Non-Probate Transfers:  Along with living trusts, Rhode Island law offers several other options for transferring assets outside of probate. POD (payable-on-death) and TOD (transfer-on-death) designations—which provide for automatic transfer of an asset to a named beneficiary upon an owner’s death—can be used in Rhode Island for a variety of assets. For instance, POD designations can be added to financial accounts and CDs, and TOD designations can be used with assets like registered securities and brokerage accounts.  

Similarly, some assets—like retirement accounts and life insurance—allow owners to name a beneficiary who automatically takes ownership of the asset upon the original owner’s death.

Assets co-owned as joint tenants with right of survivorship automatically transfer to a surviving owner upon the other owner’s death, with no need for probate. Co-owners in Rhode Island can own both real estate and most personal property as joint tenants with right of survivorship. Rhode Island also recognizes tenancy by the entirety—another joint ownership form that includes a right of survivorship.  Tenancy by the entirety can only be used in Rhode Island for real estate and is only available for co-ownership by married spouses.
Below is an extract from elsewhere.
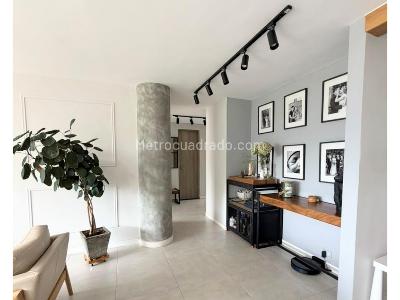 Apartamento de 3 alcobas en venta en San Lucas, Medellín, 144 m² · foto 3 de 14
Transfer-on-Death (TOD) Deeds and Vehicle Titles:  Rhode Island does not currently allow TOD designations on either real estate deeds or motor vehicle titles. The Uniform Real Property Transfer on Death Act—a model statute authorizing TOD deeds—was introduced in the Rhode Island Legislature in 2021 but has not yet been enacted.

Spousal Shares: To protect against spousal disinheritance, Rhode Island law provides surviving spouses a waivable elective share in a decedent spouse’s estate.  The elective share is a life estate in all real estate owned by the deceased spouse, plus the surviving spouse’s share in personal property as if the deceased spouse left no will. The elective share—which is in addition to any family allowances benefitting the surviving spouse—is in lieu of provisions in favor of the surviving spouse in the deceased spouse’s will. The elective share value can be distributed in actual property (“in-kind”) or the value thereof.

If a decedent spouse is intestate (i.e., leaves no will), a surviving spouse receives a life estate in any real estate owned by the deceased spouse—plus a share in “surplus” personal property remaining after deducting specific bequests in the decedent’s will, creditor claims, final expenses, and administration costs. The surviving spouse’s personal-property share is one-half of the surplus if the deceased spouse died leaving children. If the deceased spouse died without children, the surviving spouse’s personal-property share is $50,000 plus one-half the remainder.

Creating a will or trust does not have to be difficult or intimidating.  However, certain circumstances—like second marriages, stepchildren, aging parents, special needs beneficiaries, guardianships, and business interests (to name a few)—can add a layer of complexity and result in unforeseen long-term consequences.  Whenever any out-of-the-ordinary issues are present, it’s a good idea to consult with an experienced attorney familiar with and licensed under the laws of the relevant jurisdiction.